There has GOT to be something wrong with the waterpipes in the Whitehouse. Or perhaps there's black mold or some sort of toxic germs hiding in the walls or airducts. Or something. I mean, Reagan got Alzheimer's. George Sr became clueless and out of the loop after just four years (and eight waiting in the wings). Bill certainly had some significant lapses in judgment towards the end of his presidency and afterwards, and now this:
Sure, this isn't even close to being the biggest embarrassment of Bush's presidency, but jesus this stuff happens too often. And it's not just that he mentioned his Philippine cook like that, or the awkward way he said it, which really made it sound like this was the absolutely best thing he could say about any Filipino. At least the Philippine president thought it was funny. The last thing we need is for another country to hate us due to Bush's stupidity.

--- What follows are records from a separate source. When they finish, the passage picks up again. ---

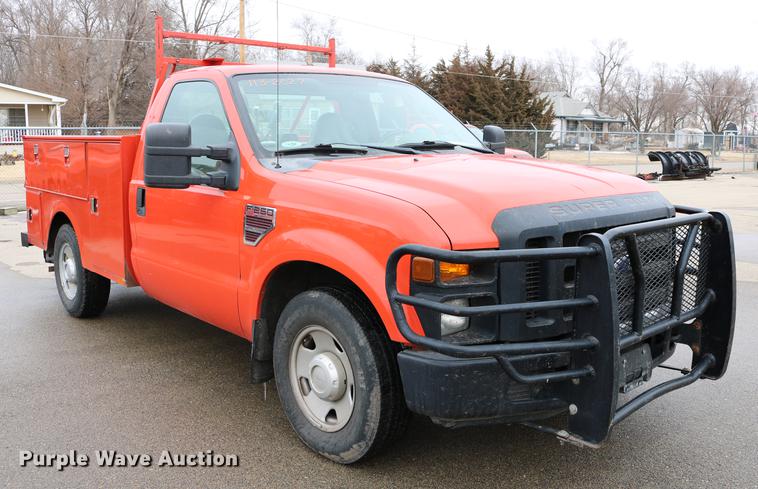 image for item DB6587 2008 Ford F250 Super Duty utility bed pickup truck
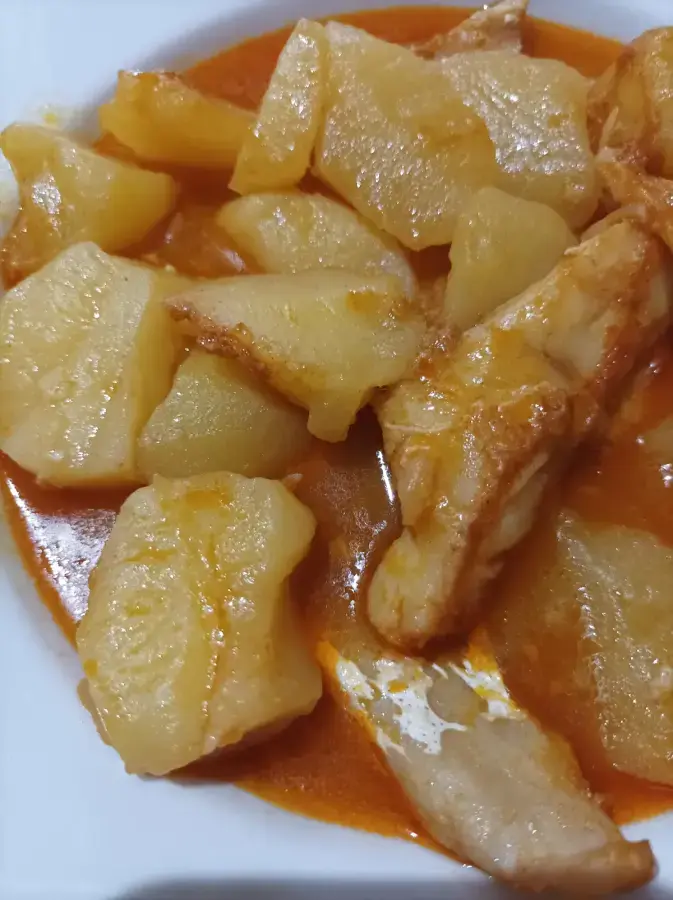 Plato de papas con bacalao
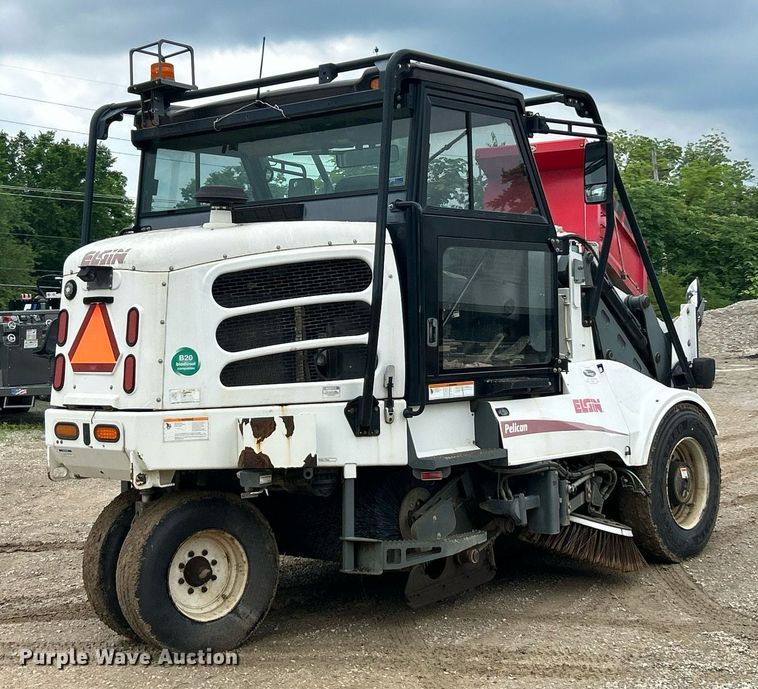 image for item EK8189 2009 Elgin Pelican NP sweeper
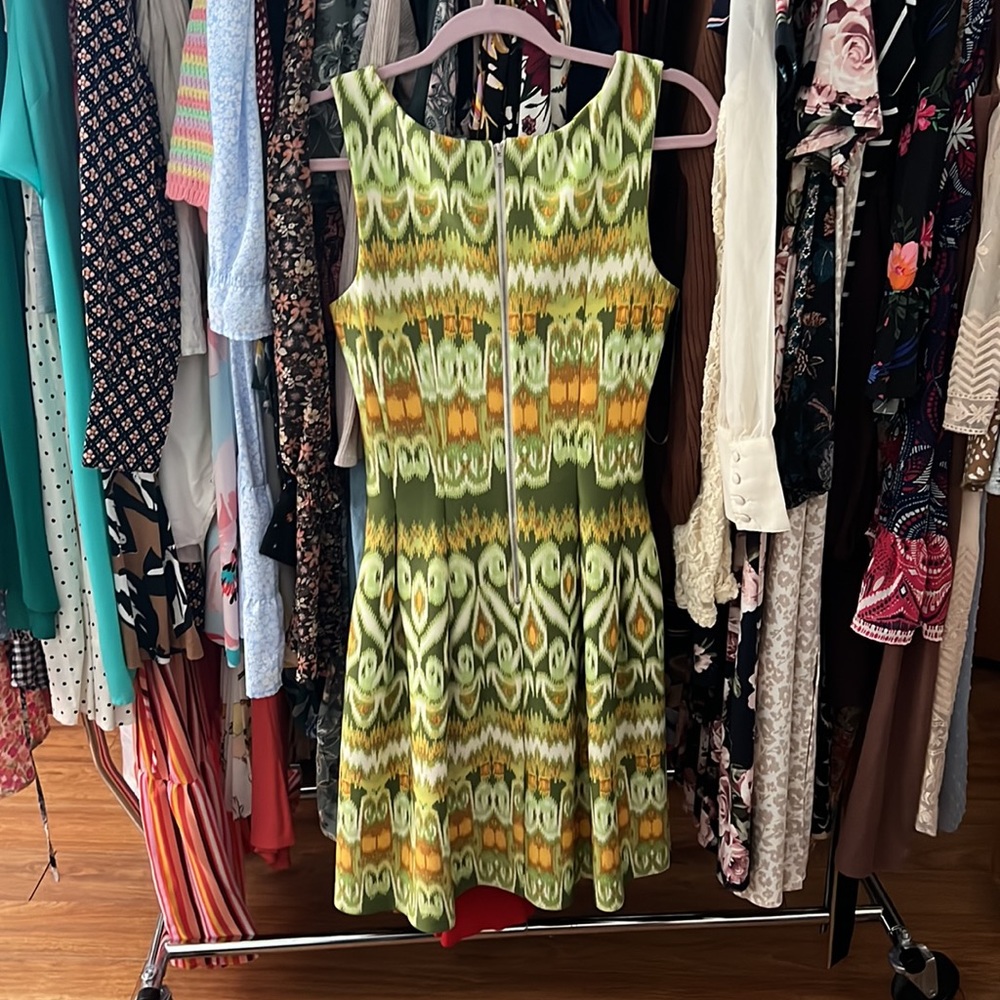 Dress - Picture 4 of 4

But it wasn't just the mildly racist back-handed compliment. It was really the whole package, including the awkward and slow way he said the entire thing. As if he had said it earlier and it had gone over so well that he made the mistake of trying it again, but immediately realized he was having trouble finding the exact words so that it wouldn't sound as bad as he was afraid it might sound. And so he kept meandering his way through it, knowing that he'd only find out afterwards if he had been offensive.
And perhaps the worst is how he still, after eight years as president, looks like the little boy who doesn't want to be there, wearing that stuffy suit. Like he can't wait for everyone to leave so he can get back to playing Halo 3, or whatever it is he does with his free time.
Household Products That Can Kill You
And sure, being president must be taxing; even if you're a boob who lets your VP do all the hard work. But perhaps there's more to it than that. People used to think arsenic was a medicine and put radium in toothpaste, and thought they were being really clever. And is it possible we've discovered all the dangerous chemicals that exist? I think not. Who's to say that there isn't some sort of nasty-ass shit poisoning our presidents that's been a part of the Whitehouse for a long time?
Think about it, what president left the Whitehouse as sharp as he was when he got in? None that I know of. Carter, Ford, Nixon, LBJ, which of these men didn't leave office broken and confused? Hell, Ike lived nine years after he left office, yet the only things Wikipedia said he did after he left office was buy a house at Gettysburg, speak at the 1964 Republican National Convention, and do a political ad with Barry Goldwater. So I ask you, do these sound like the actions of a normal person? I think not.
And sure, maybe it's the great burden of the office. Maybe the weight of the world is just too much to put on one man's shoulders. Maybe it will crush even the strongest of presidents and turn our Doofus-in-Chief into complete putty. But maybe, just maybe, it's something in the air ducts or the waterpipes. And isn't that the best defense of Bush yet?